3. "He clave unto the Lord;" that is the stage that follows on faith. Now, that is another picturesque expression. Let me just run over in a sentence or two, three connections in which it is employed in Scripture in order that you may see what it means. It is the same word which is used to express the adherence of the bone to the skin, or to express the way in which a tightly-braced girdle sticks to the loins of a man, or to express the way in which, when one is burning with thirst, the tongue adheres to the roof of the mouth. And when you come into the region of its reference to men's relation to men, it is the word which is used for the closest, sweetest, sacredest of all human relationships. "For this cause shall a man leave his father and his mother, and shall cleave unto his wife." It is the word that is employed to express the loyalty of obedient subjects to their king. It is the word which is used in that tenderest of all stories to contrast the clinging love of the one daughter-in-law with the less self-abandoning affection of the other. "Orphah kissed her... Ruth clave unto her." Now, that is what faith should lead us to do. Loyalty as of subjects to a king; love as of husband and wife; as of Ruth and Naomi, the close adherence as of the girdle braced round the loins of a man. For in the words there lie, not only these thoughts of close adhesion by mind and will and heart, but also the thought of a vigorous resistance to all the separating agencies, which are so busy in the lives of every one of us, and find their allies in the hearts of us all. Now, lastly, the top-stone of the whole fabric is obedience, which will follow upon such close communion with, and trust in, God. There are two great corruptions of Christianity; the one which attaches all importance to the initial act of trust, and to the inward experience of the devout soul, is strong in spiritual emotions and very Weak in daily righteousness. There is a strange connection between fervent emotion of a spiritual kind and a shady life in regard to common virtues. So do you take care to avoid a Christianity which is all faith and fellowship, and not obedience. And, on the other hand, do not try to begin at the roof of the house, and build garrets and top-floor first — to have a righteous life without the substratum, the faith which is the basement and the fellowship with God which comes between faith and obedience.

(A. Maclaren, D. D.)

1. Hezekiah was one of Judah's best kings. He is classed with David and Josiah. "All, except David and Ezekias and Josias, were defective" (Ecclus. 49:4). In his zeal for God he "brake in pieces the brasen serpent" which had become an object of superstition, and sought to carry into effect the Mosaic prohibition of heathen sanctuaries (Exodus 23:24; Exodus 34:13). Moreover, "he removed the high places," thus showing the sweeping nature of his reformation. These "high places" were "local sanctuaries," which some good kings had tolerated, contenting themselves with uprooting the worship of false gods; for at these local shrines there was, it is supposed, some sort of worship of Jehovah carried on, which was to satisfy the religious instinct without going up to Jerusalem. It shows Hezekiah's thoroughness and determination.

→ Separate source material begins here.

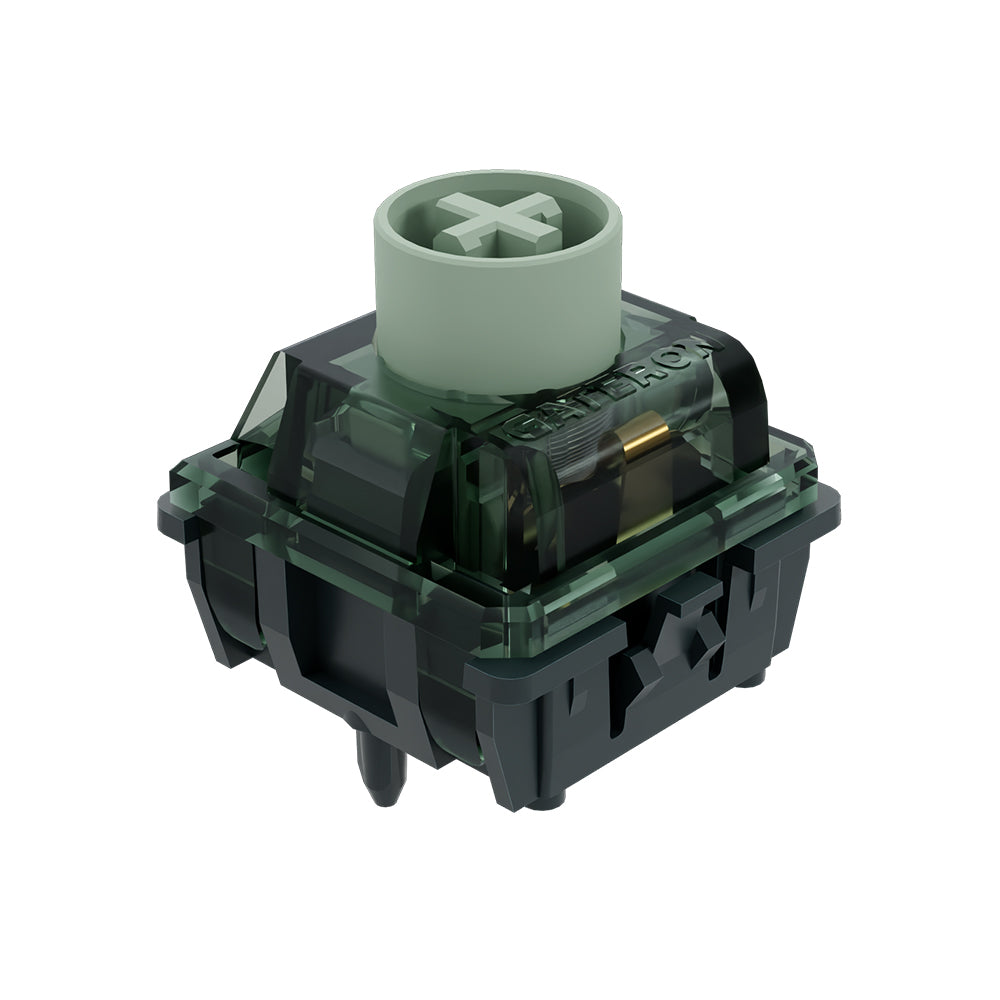 Gateron Jade Emerald Tactile Magnetic Switches 10個入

2. But Hezekiah's greatness shines out still more vividly in the hour of trial. Jerusalem was threatened by Assyrian forces. Their generals were at the gates, demanding submission. He stood alone, and yet not alone, for God was his "Refuge and Strength, a very present Help in trouble"; "He trusted in the Lord God of Israel," and he did not trust in vain. Let us first note some of the grounds upon which this confidence in God is based; and, secondly, mark some of its features.

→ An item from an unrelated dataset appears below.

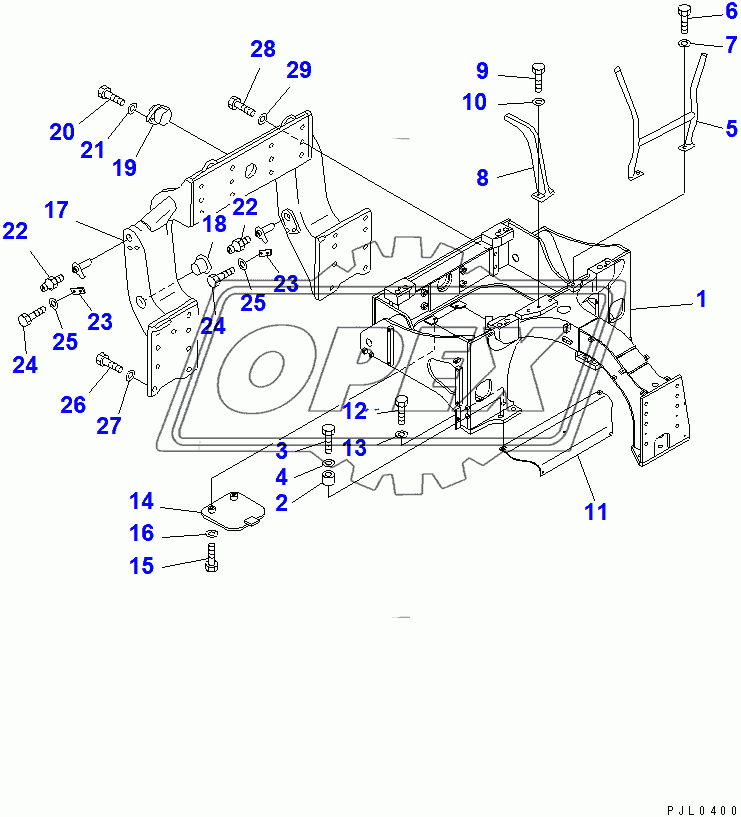  FRAME (2/2) (WITH AIR CONDITIONER)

I. SOME GROUNDS UPON WHICH TRUST IN GOD IS BASED.

1. The first is the goodness of God. Thus moral theology places trust in God in connection with hope, and not directly with faith.

2. Another ground of trust in God is His faithfulness to His promises. "He is faithful that promised" (Hebrews 10:23). In order to impress upon us this truth, God confirmed His word "by an oath," as men when they bind themselves more strictly to a compact (Hebrews 6.). Goodness, when combined with almightiness and fidelity, affords a triple basis upon which to rest.

3. Experience may be added to the former. Thus David, when he drew near to the giant, recollected past deliverances. "The Lord," he said, "that delivered me out of the paw of the lion, and out of the paw of the bear," etc. (1 Samuel 17:37).

II. SOME FEATURES OF THIS CONFIDENCE MUST NOW BE NOTED.

1. To have confidence in God, it must be entire. In foul weather as well as fair, in the storm when Christ is asleep, as well as on the land when He is awake. Christ tested this confidence in the case of His disciples, and He does so still. It must extend both to temporal as well as spiritual things, as we are reminded in to-day's Gospel — to the necessaries of life, as well as to graces and gifts from heaven. This was laid down clearly in the definition of trust at the beginning. Such trust, it need hardly be said, must not be a cause of idleness, but a stimulant of effort: "God helps those who help themselves." Hezekiah knew that; and so went into the house of the Lord, and spread "the letter before the Lord" which the Assyrian foe had sent him, and prayed earnestly to the Lord.

2. Trust, too, must be prompt. To ask for Divine help when all things have been tried in vain, savours rather of despair than of confidence. "Seek ye first the kingdom of God," in point of time as well as order, and turn to all else as means which are only of avail when they have the Divine blessing.

III. LESSONS.

1. The whole subject is so eminently practical that the lessons are obvious. All must have some object in which to confide. Our trust must be, not in self, not in others, but in God. It was to Him Hezekiah at once turned in his terrible need.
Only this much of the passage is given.